The Greeks: Agamemnon to Alexander the Great included a marble bust of Alexander from the third century BC on loan from the Archaeological Museum of Pella, the ancient Greek city where he was born. “In this depiction, a number of details, supported by rare physical descriptions of Alexander from ancient writings, make it possible to recognize him,” the exhibit stated. “The slight tilt of his head, the arrangement of his hair, his lack of beard – unusual for kings of this period – and his upward glance. The rendering of his hair, his slightly opened mouth, and the working of the marble result in a portrait that is both realistic and idealized.”

In addition to his real-world accomplishments, Alexander the Great also served as the boyhood idol of Adrian Veidt, the superhero Ozymandias and central figure from Alan Moore’s graphic novel Watchmen. At the age of seventeen, Veidt embarked on a vision quest that followed the route of conquest traveled by Alexander over two thousand years earlier, but his visit to Egypt resulted in Adrian Veidt finding a new hero to emulate in the pharaoh Ramesses II.

In between the reigns of Agamemnon and Alexander the Great lies one of the most influential time periods in Western history. It was during this Classical Age that the city of Athens rose to prominence and the first experiments with democracy were undertaken. Athens was also the home of such giants of philosophy as Socrates, Plato, and Aristotle, and it was the era in which the first Olympics were held and the Greek soldier Pheidippides famously ran the 26 miles that separated the battlefield of Marathon from Athens.

As with Alexander the Great, The Greeks exhibit featured marble busts of these legendary figures, including not only Plato and Aristotle but Homer, who transcribed the oral traditions of The Iliad and The Odyssey into the written word. Surrounded by statues and vases, golden wreaths and theater masks, their images tell the story of not only an ancient civilization but the gods and goddesses, heroes and heroines, and kings and queens that are both mythical and legendary.
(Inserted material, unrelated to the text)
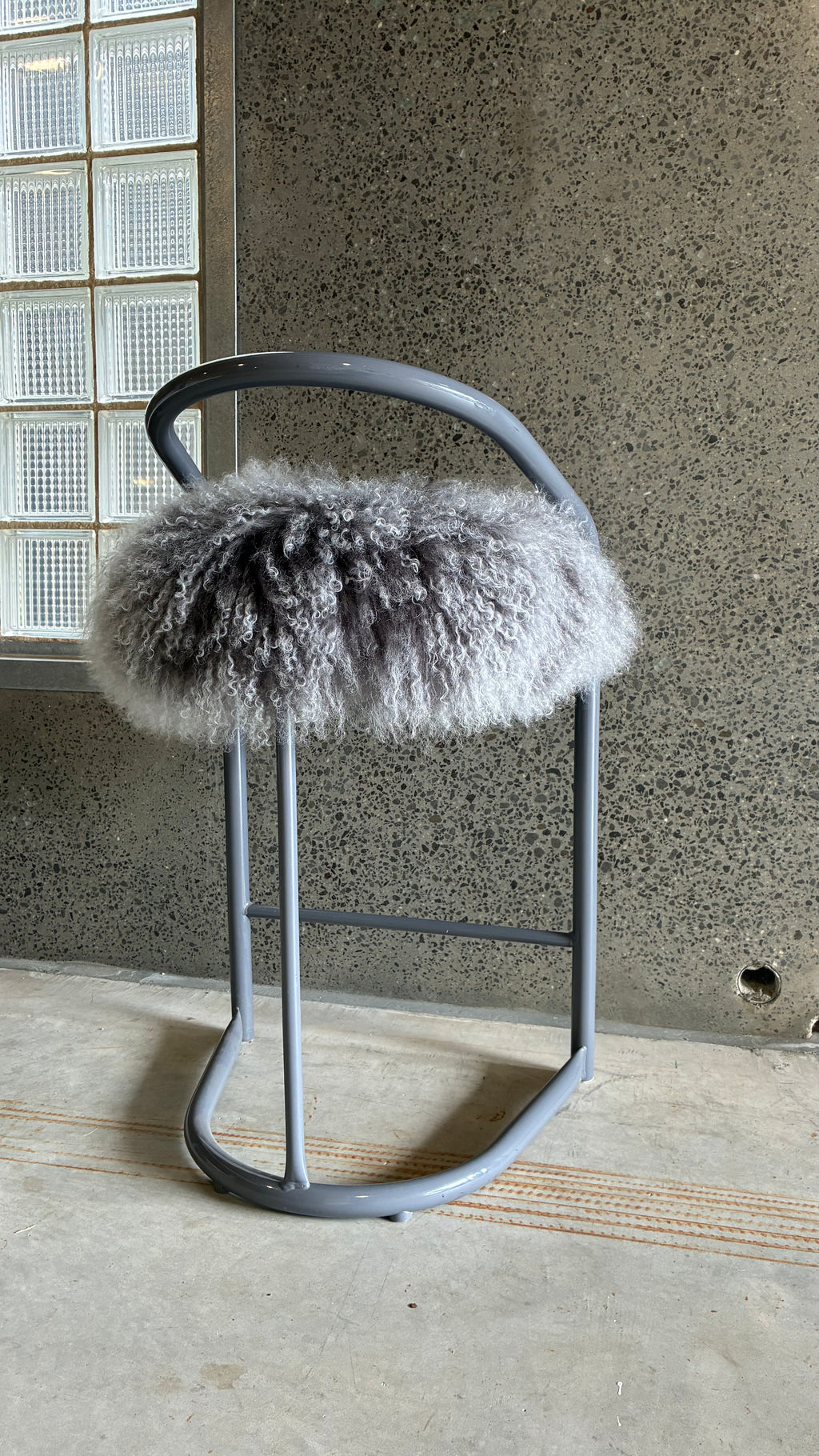 COUNTER STOOLS WITH MONGOLIAN UPHOLSTERY (PAIR)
Western civilization as we know it emerged from Ancient Greece – and one can’t help but notice an influence on comic book characters and contemporary Geek Cultural as well. From superheroes who resemble the heroes and heroines of Greek mythology, epic narratives similar to The Iliad and The Odyssey, and the influence of kings like Agamemnon and Alexander the Great, the Greeks and the Geeks have more in common than one may realize, with links that date back millenniums.